The entries below should be repeated exactly, with no pictures carried over.

Stored dataset items:
++++++++++++++++++++
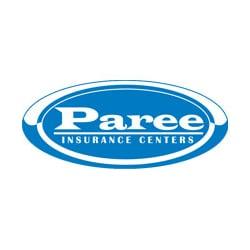 Paree Insurance Centers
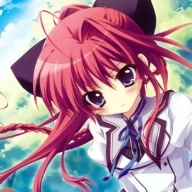 纯白交响曲手机版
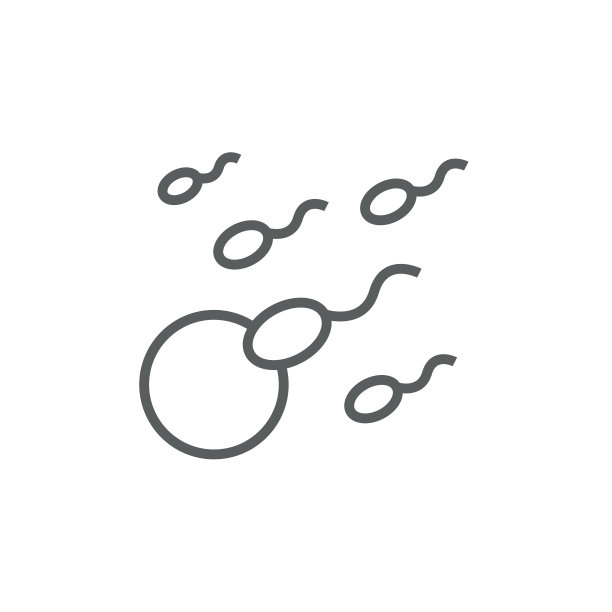 施肥线图标图片下载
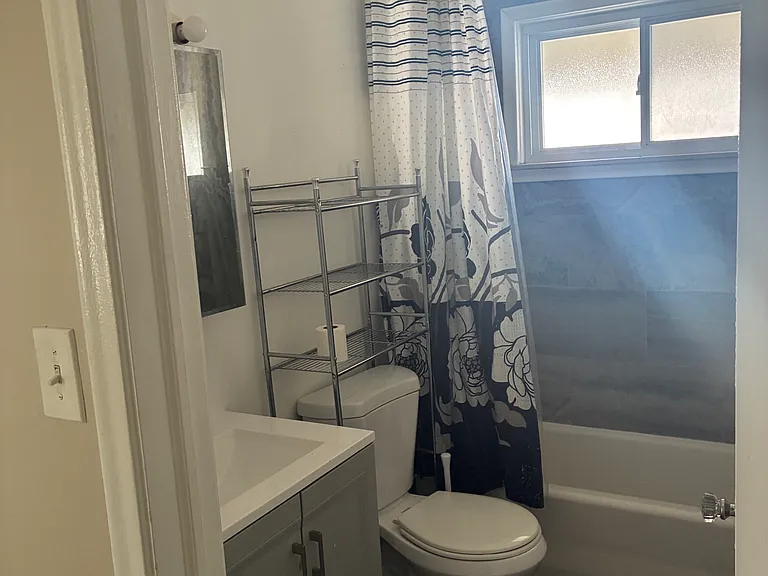 24612 Lauren Ave — Photo 13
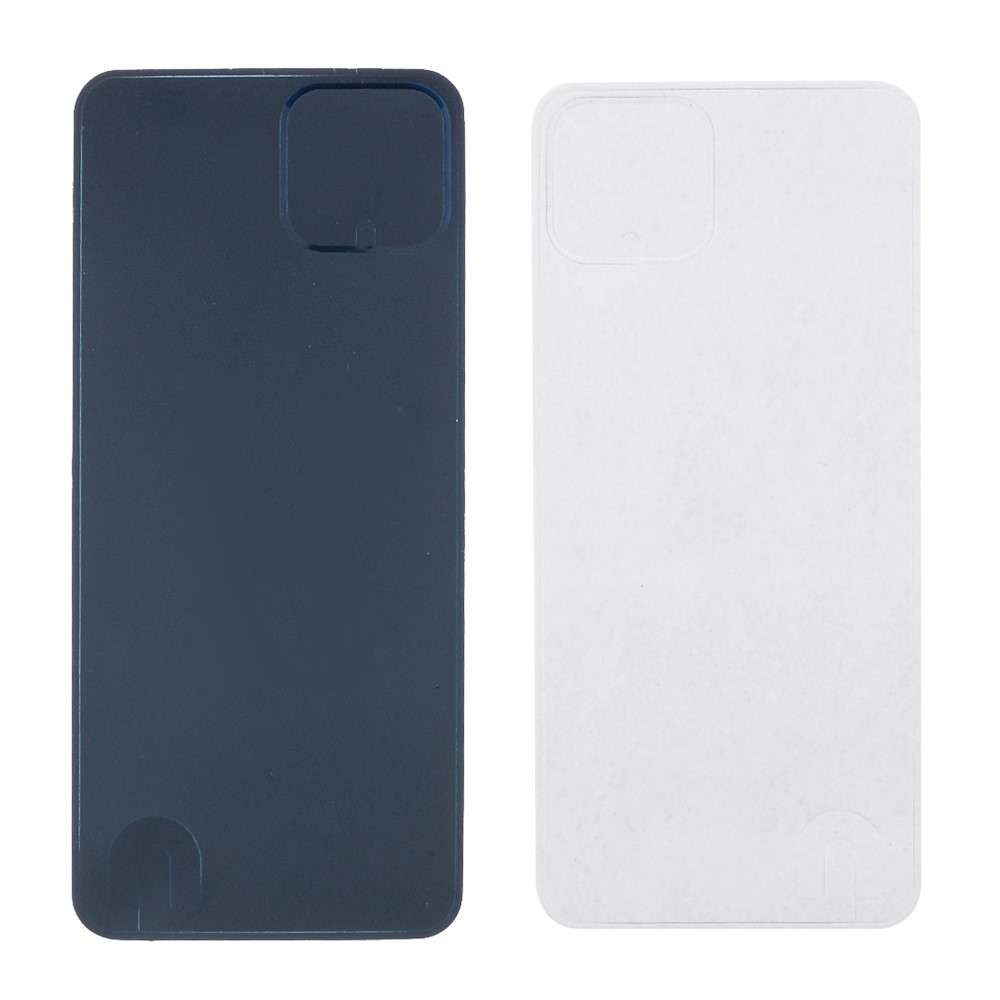 Battery Back Cover Adhesive Sticker Part for Google Pixel 4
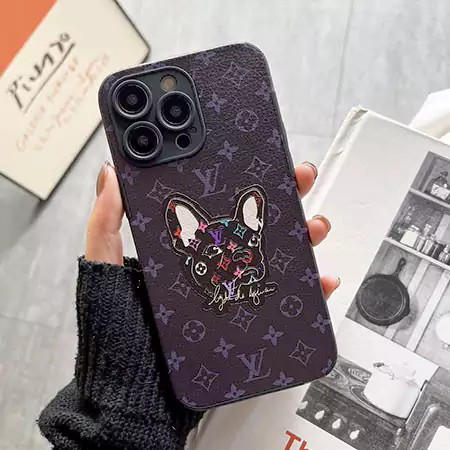 ブランド ルイヴィトン iphone17/17pro/17air/17promaxスマホケース 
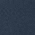 Color Swatch - Navy Blue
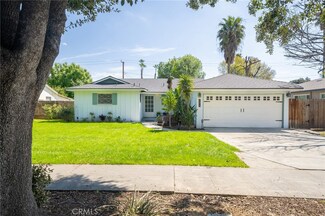 7570 Delaware St, Riverside, CA 92504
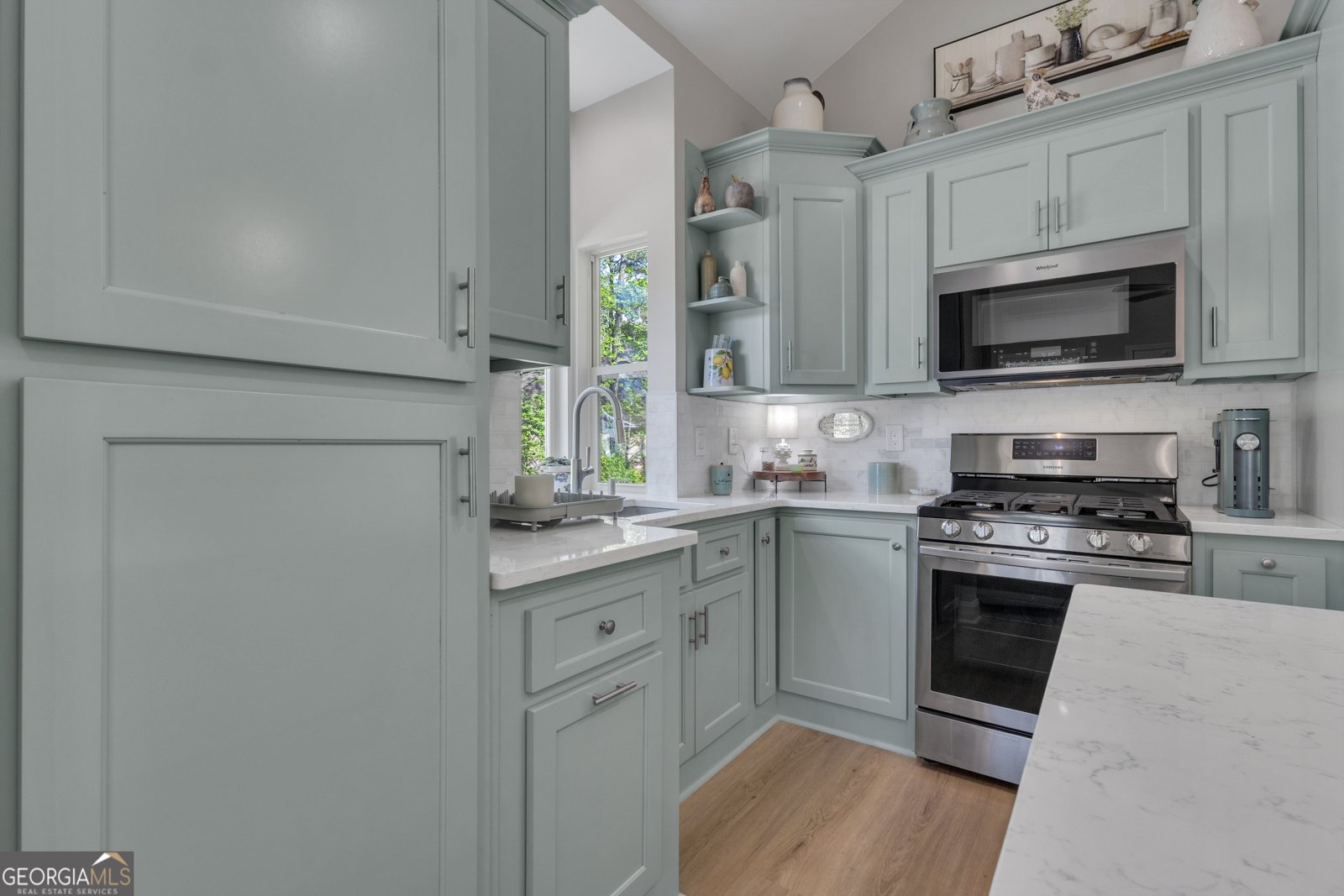 54 Sturgess Run Sharpsburg - Photo 57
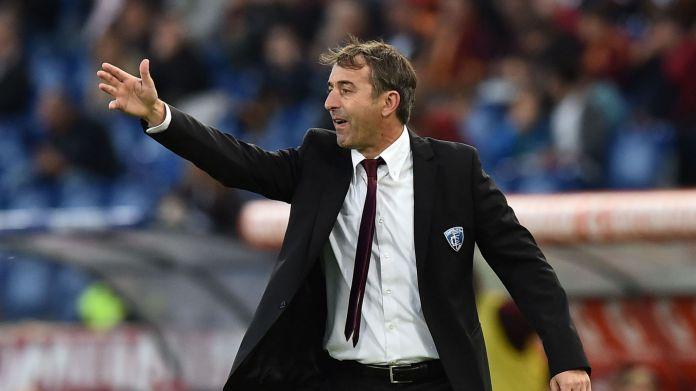 giampaolo-indicazioni-empoli-ottobre-2015-ifa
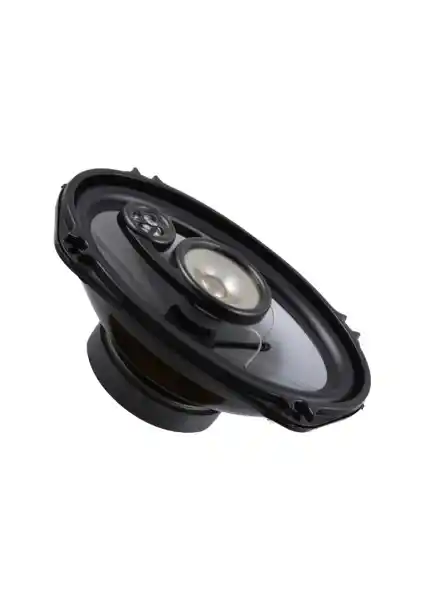 Jameson Js-60 Yeni Model 6x9 900 Watt Oval Kayık Hoparlör Araç Ses Sistemleri için Güncel Ürün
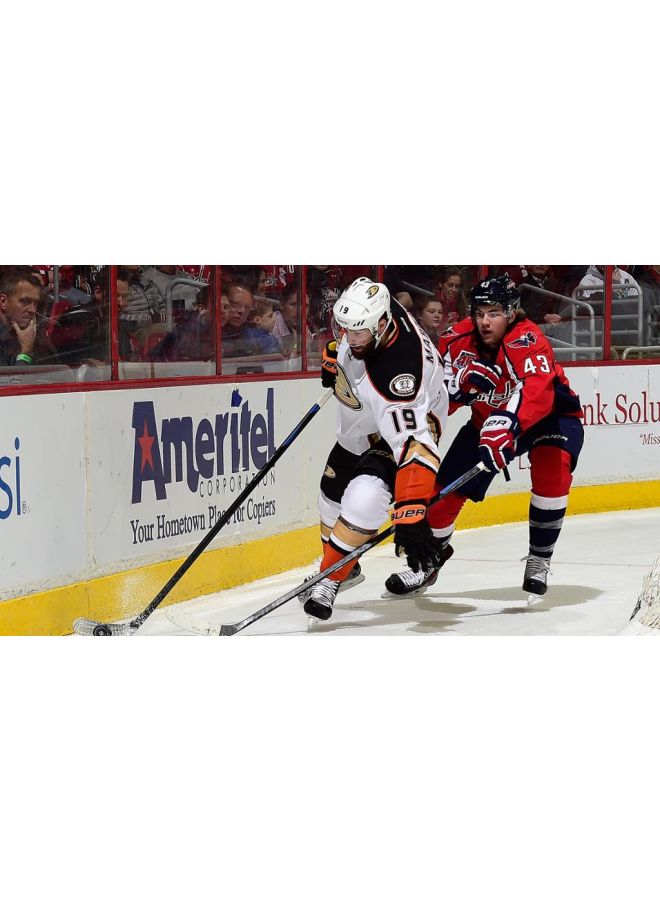 إي أيه لعبة "NHL 17" (الإصدار العالمي) - رياضات - إكس بوكس وان - Image 3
++++++++++++++++++++
● RESULT BELOW
 Paree Insurance Centers
 纯白交响曲手机版
 施肥线图标图片下载
 24612 Lauren Ave — Photo 13
 Battery Back Cover Adhesive Sticker Part for Google Pixel 4
 ブランド ルイヴィトン iphone17/17pro/17air/17promaxスマホケース 
 Color Swatch - Navy Blue
 7570 Delaware St, Riverside, CA 92504
 54 Sturgess Run Sharpsburg - Photo 57
 giampaolo-indicazioni-empoli-ottobre-2015-ifa
 Jameson Js-60 Yeni Model 6x9 900 Watt Oval Kayık Hoparlör Araç Ses Sistemleri için Güncel Ürün
 إي أيه لعبة "NHL 17" (الإصدار العالمي) - رياضات - إكس بوكس وان - Image 3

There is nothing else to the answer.